El otro día, alguien ajeno a la Institución donde ambos hemos coincidido por más de veintidós años, me comentaba que este hombre es uno de los individuos más desaprovechados de nuestra ciudad, pues su valía y sus conocimientos han sido infravalorados. Y soy de la misma opinión. Quizá su forma de ser, su timidez y su humildad no sean ajenas a estas circunstancias.
Pompeyo es historiador y especialista en arte. De hecho, en la actualidad, era el único doctor que tenía la Diputación. Su sensibilidad y su exquisitez hoy han quedado de manifiesto en un momento de la jornada que resumiré al final.
Por lo que sé –ya digo que era silencioso y a mí no me gusta indagar en las vidas ajenas si el interesado no da pie a ello- comenzó su periplo profesional siendo muy jovencito, con veintipocos años. Creo que su carrera y doctorado los concluyó siendo ya funcionario. Es decir que ha dedicado toda su vida a la Diputación y al Arte. Ha indagado por iglesias, archivos, colecciones particulares para rescatar, catalogar y apuntar procedencias y vestigios de tal o cual autor, de tal o cual obra (escultura o pintura). Alguna arrumbada en algún sitio, olvidada y menospreciada resultó ser de cierta valía, como un Berruguete, sin ir más lejos. Una de sus especialidades es La Granja de San Ildefonso y hacer una visita con él por el Palacio y por los jardines es uno de los lujos que algunos afortunados han disfrutado. Yo, lamentablemente, me la perdí. Quizá aquel día estuviera escribiendo algún no menos lamentable verso.

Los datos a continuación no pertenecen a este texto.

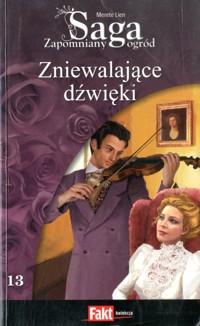 Zapomniany ogród. Zniewalające dźwięki - Merete Lien - ebook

Pero no era mi deseo hablar de la valía profesional de este hombre. Si por ella hubiera sido, probablemente la comida la hubiéramos resuelto reservando una mesa con cinco comensales. Se trata de él. Detrás de su delgadez espigada, de su rostro alargado y serio –normalmente- a veces se dispara como una catapulta, una sonrisa casi infantil, casi tierna, y en sus ojos arden chispas. Nunca he percibido en él ningún aire de grandeza, ninguna presunción de nada, ningún tipo de orgullo distante. Siempre dedicado a lo suyo, y siempre accesible a quien ha querido requerirle. Y de vez en cuando, aparecía por la oficina con algún texto, con algún documento encontrado sabe Dios en qué circunstancias. (Por cierto tengo uno con el que algo debiera hacer, porque podría ser la base de una buena historia… Si algún día me dejara de tanta inmediatez y me pusiera a trabajar con sosiego y determinación, quizá le sacase partido).
Y me parece que estas cualidades son las que han desembocado en esta jornada que hemos disfrutado, en un ambiente distendido y amable. Como son estas celebraciones, como deben ser, según yo las entiendo. Porque hoy estábamos con él compañeros que nada en absoluto tenemos que ver con su tarea profesional, a los que en raras ocasiones podría ver, salvo cuando nos cruzáramos en un pasillo. Pero estoy seguro de que hay una especie de vibración que nace de su ser y que provoca este tipo de adhesión y cariño. Esa sencillez, esa cercanía… Es como si su sabiduría hubiera descubierto también el secreto de la vida. Como cada uno, tendrá sus defectos, pero ni sé apreciarlos, ni suponiendo que los conociera los sacaría a la luz. Esto lo digo, porque no se crea que todo es miel sobre hojuelas. Más de cuarenta años de trabajo en la misma Institución da para muchas circunstancias y no todas halagüeñas.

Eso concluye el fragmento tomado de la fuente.